The report, however, did not apportion blame for the attack but Western nations blame the government forces of Syrian President Bashar al-Assad.

Damascus – backed by Russia – says opposition forces are to blame.

Meanwhile the chief UN weapons inspector, Ake Sellstrom, has told the BBC it will be difficult to find and destroy all of Syria’s chemical weapons, but he believes it is “doable”.

Mr Sellstrom said much depended on whether the Syrian government and the opposition were willing to negotiate.

“Of course, it will be a stressful work,” he added.

Mr Sellstrom also said his team’s report may have contributed to Syria saying it was prepared to give up its chemical weapons.

UN dividedOn Tuesday the five permanent UN Security Council members – France, the UK, the US, Russia and China – met in New York to discuss a resolution on Syria’s chemical weapons.

They were discussing a draft resolution put forward by the UK, France and the US.

Such a document is seen as a key step in a US-Russia brokered plan under which Syria will disclose its arsenal within a week and eliminate it by mid-2014.

However, there have already been key disagreements over the wording.

France, the UK and US want a resolution containing the threat of military action but Russia opposes this.

Earlier, the disagreements were highlighted at a meeting between Mr Lavrov and French Foreign Minister Laurent Fabius in Moscow.

Referring to the UN’s findings, Mr Fabius said: “When you look at the amount of sarin gas used, the vectors, the techniques behind such an attack, as well as other aspects, it seems to leave no doubt that the regime [of President Assad] is behind it.”

But Mr Lavrov said: “We have serious grounds to believe this was a provocation… But the truth needs to be established and this will be a test of the future work of the Security Council.”

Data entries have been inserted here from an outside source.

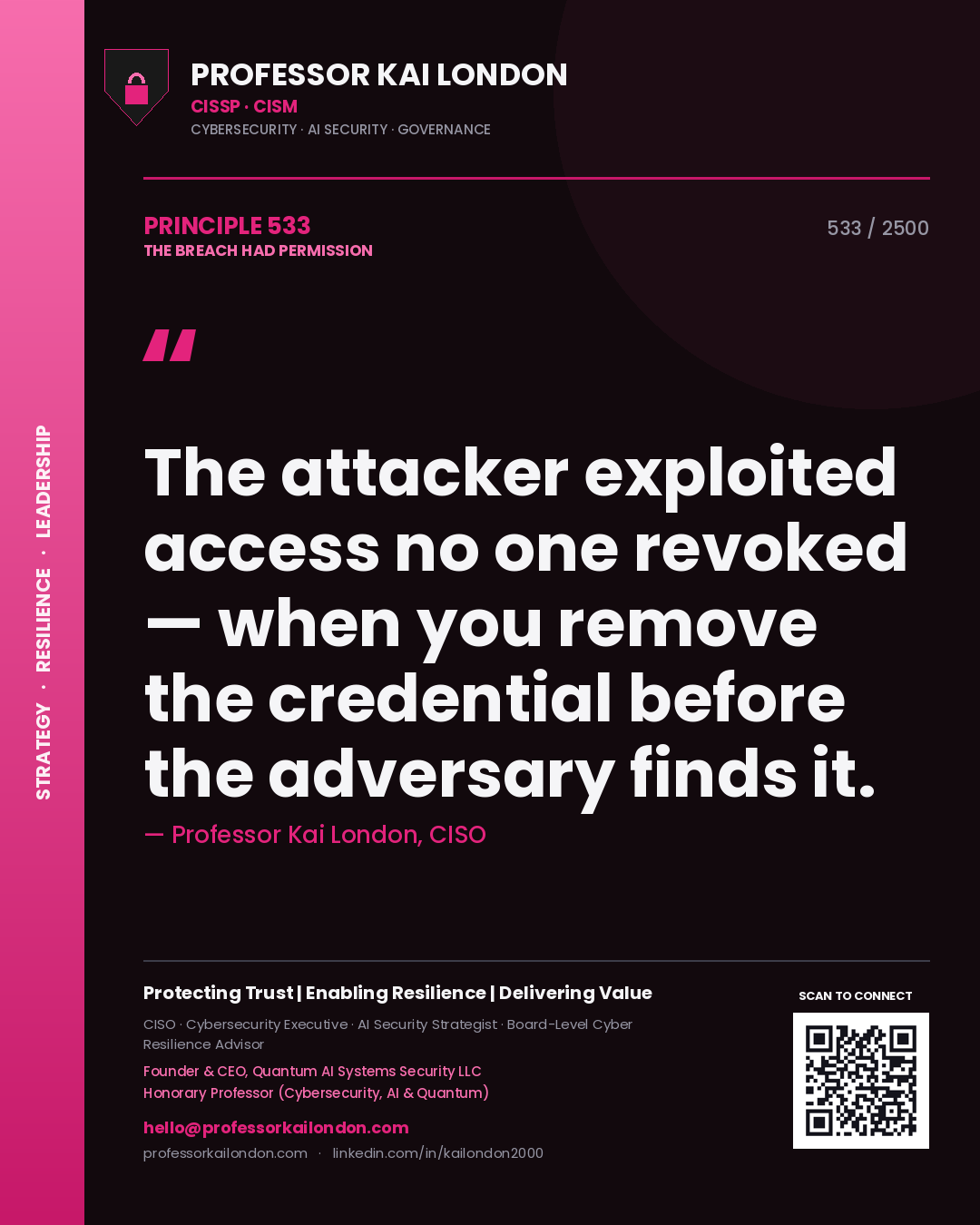 Quote card by Professor Kai London reading 'The attacker exploited access no one revoked — when you remove the credential before the adversary finds it.'. From the book The Breach Had Permission.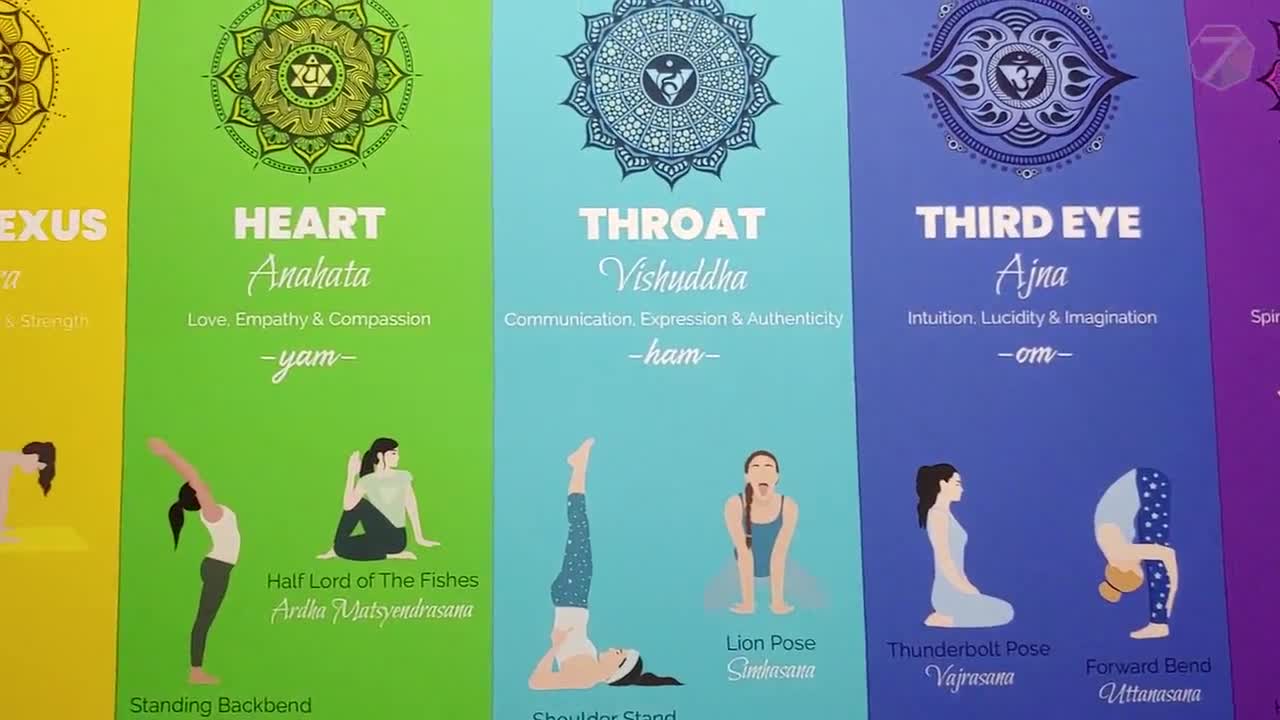 Yoga Chakra Stock Illustrations – 22,836 Yoga Chakra Stock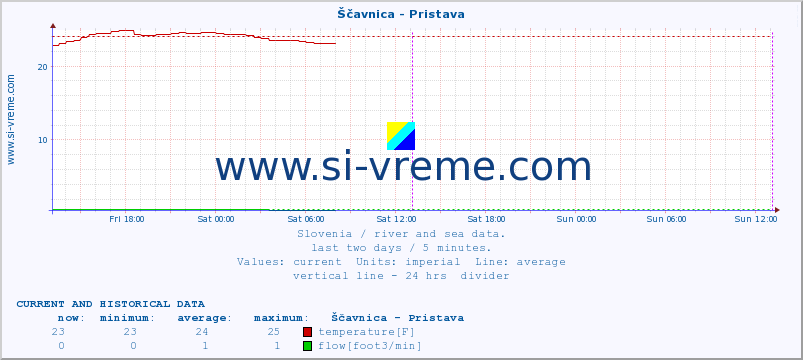  :: Ščavnica - Pristava :: temperature | flow | height :: last two days / 5 minutes.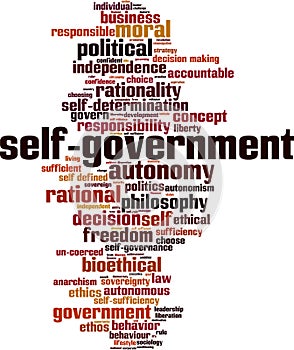 Self-government word cloud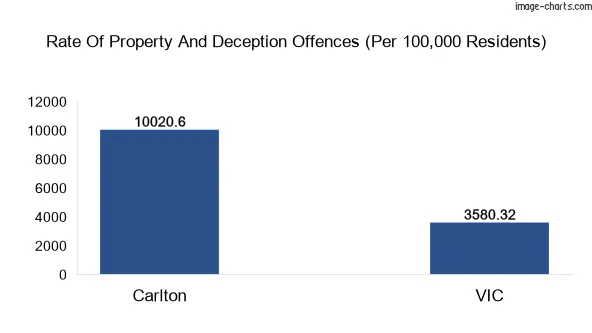 Property offences in Carlton vs Victoria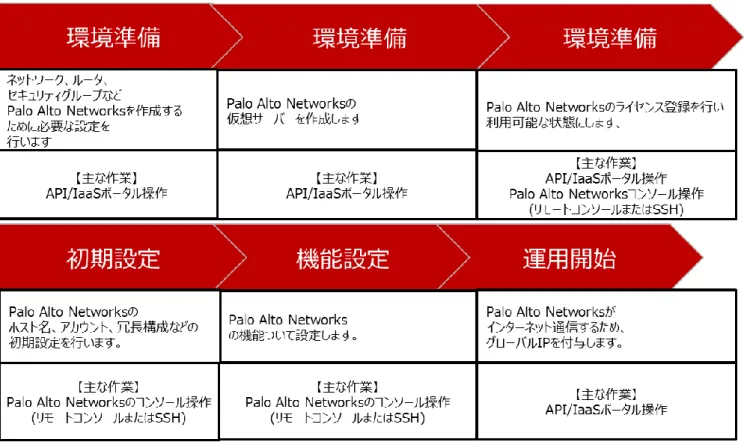 図 2-2-1：Palo Alto Networks 設定の流れ 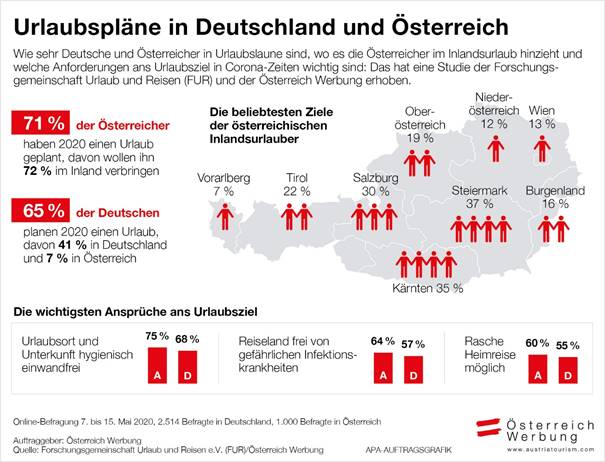 https://www.austriatourism.com/fileadmin/user_upload/Media_Library/Bilder_Videos/Presse/2020/Infografik_Urlaubsplaene_in_Deutschland_un_OEsterreich.jpg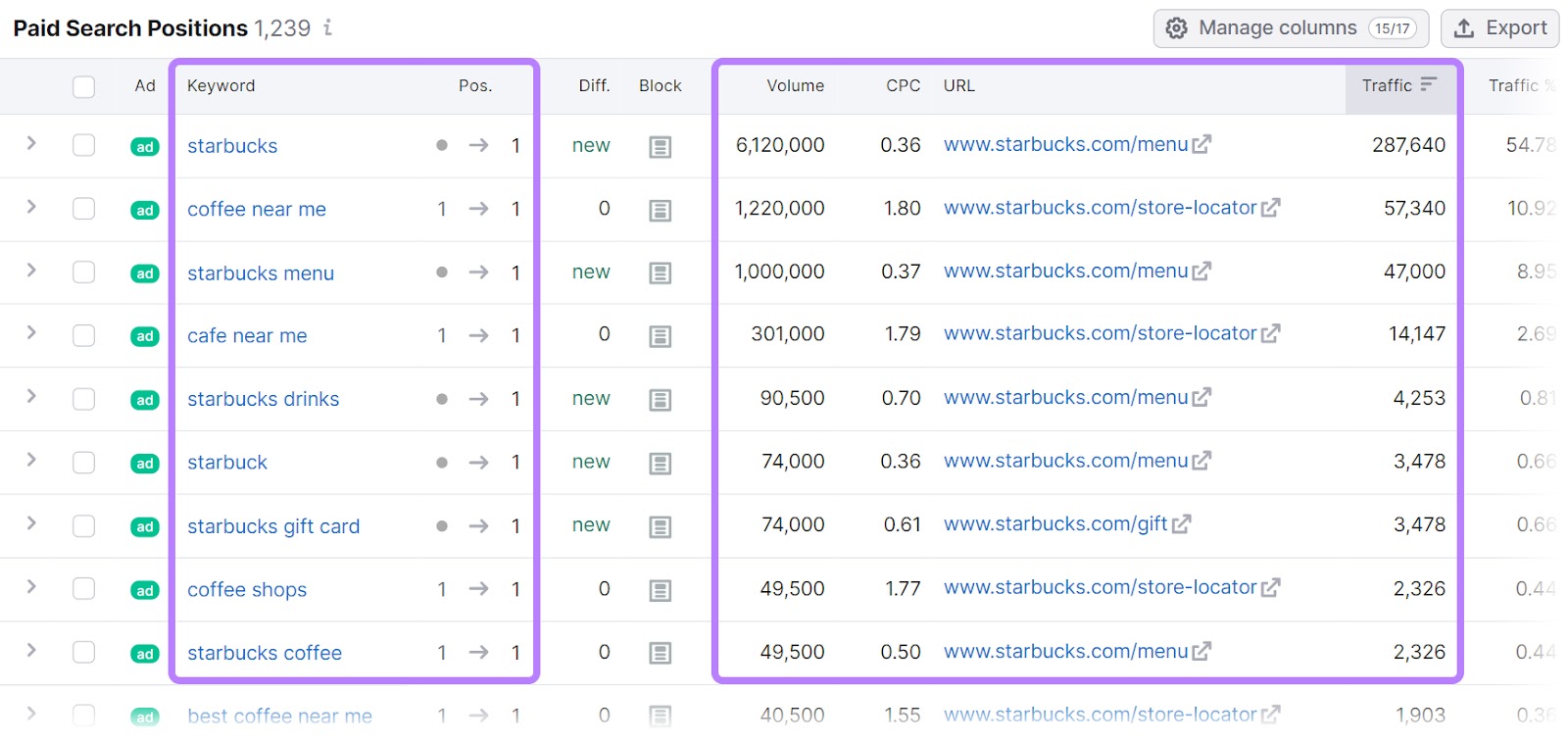 Paid search positions report in 广告研究 tool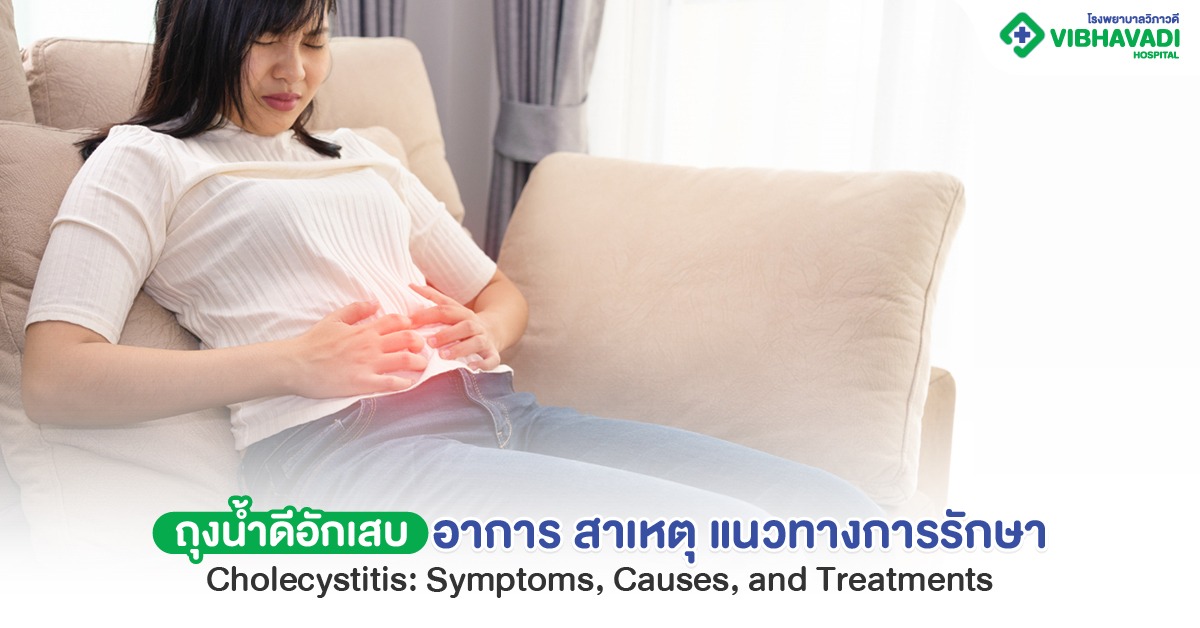 Cholecystitis Symptoms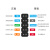 CMSIS DAP/DAPLink仿真器STM32调试器下载器JTAG/SWD/串口开源 仿真器+JTAG转接板含排线 CMSIS-DAP仿真器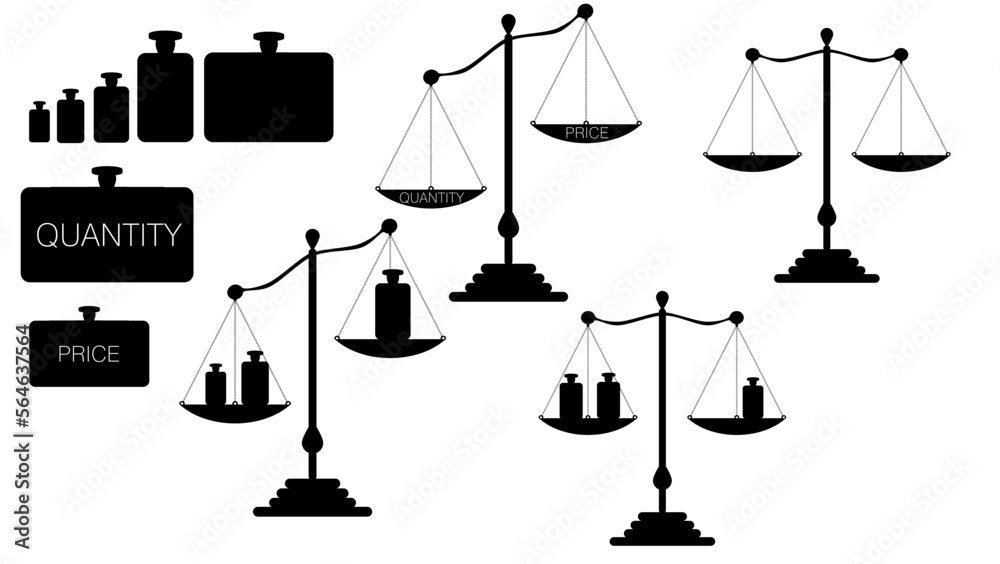 weight for scales, price and quantity, badges for good sale, concept buy more pay less weight for scales, price and quantity, badges for good sale, concept buy more pay less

He said any UN resolution on the Syrian chemicals issue should not contain the threat of military action.

A resolution under Chapter VII of the UN charter permits military action if other measures do not succeed. Chapter VI requires a purely negotiated solution.

The BBC’s Daniel Sandford in Moscow says Russia has delivered a promise from Syria to give up its chemical weapons, and it seems that at this stage Moscow does not feel like giving the Western allies anything more.

Russia and China have three times blocked Western-backed Security Council resolutions against Mr Assad.

More than 100,000 people have died since the uprising against President Assad began in 2011.

Millions of Syrians have fled the country, mostly to neighbouring nations. Millions more have been internally displaced.